Andrea si definisce «un persona queer», non-conforme cioè che rifiuta il binarismo di genere e anche per questo si scolla di dosso ogni etichetta sfoggiando unghie smaltate di nero e vestiti coloratissimi.
Luisa è invece lesbica, capelli corti e sguardo dolce. «Ho fatto coming out con i miei compagni di classe. Pensavo di poterlo fare. Ma poi è iniziato tutto. Mi dicevano: non avvicinarti troppo me lo attacchi». È l'inizio di una spirale di incubi e ansie che avvolgono gli adolescenti vittime di bullismo omotransfobico. Le armi dell'offesa sono quelle di sempre - la derisione, l'esclusione, il ricatto, le minacce - potenziate dai social e ignorate tra le mura scolastiche dai professori.

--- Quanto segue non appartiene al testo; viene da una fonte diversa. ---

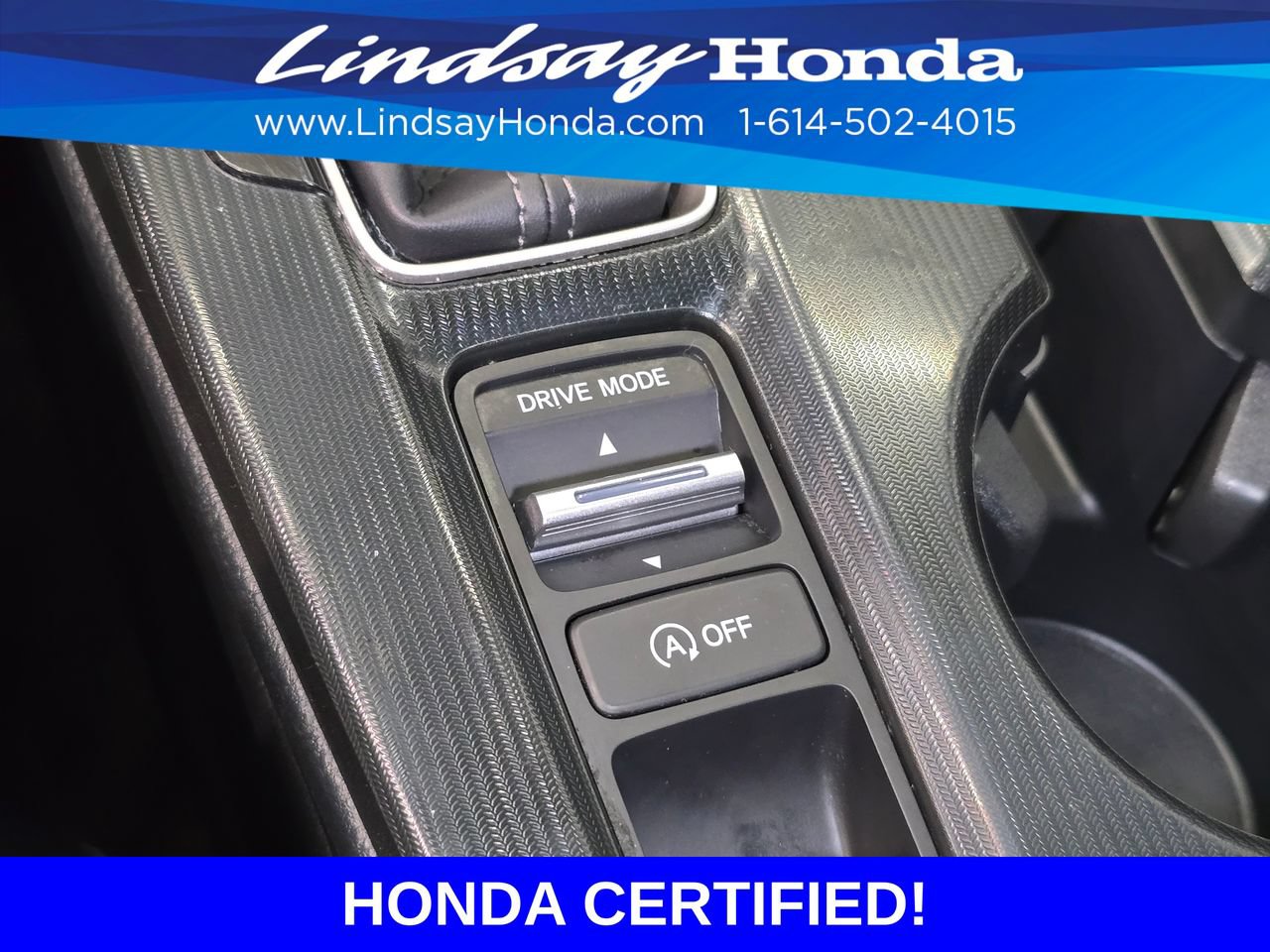 Certified 2024 Honda Civic Sport image 20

«Fingevano di non vedere. Io e Andrea ci davamo manforte. Poi un giorno si sono lamentati anche i genitori. Dicevamo che eravamo strani e ci vestivamo in maniera non consona». Gli stereotipi della classe mostrano ingenuità e pregiudizi: «Troppo effeminato» dicevano di Andrea o «troppo mascolina» riprendevano Luisa. Una idea «difensiva» che colloca gli orientamenti sessuali o le identità di genere in qualcosa di radicalmente altro da cui è possibile prendere le distanze. Luisa è vittima anche da parte dei professori dello stereotipo che dipinge la ragazza lesbica come «violenta, aggressiva, e con problemi di relazione con i maschi».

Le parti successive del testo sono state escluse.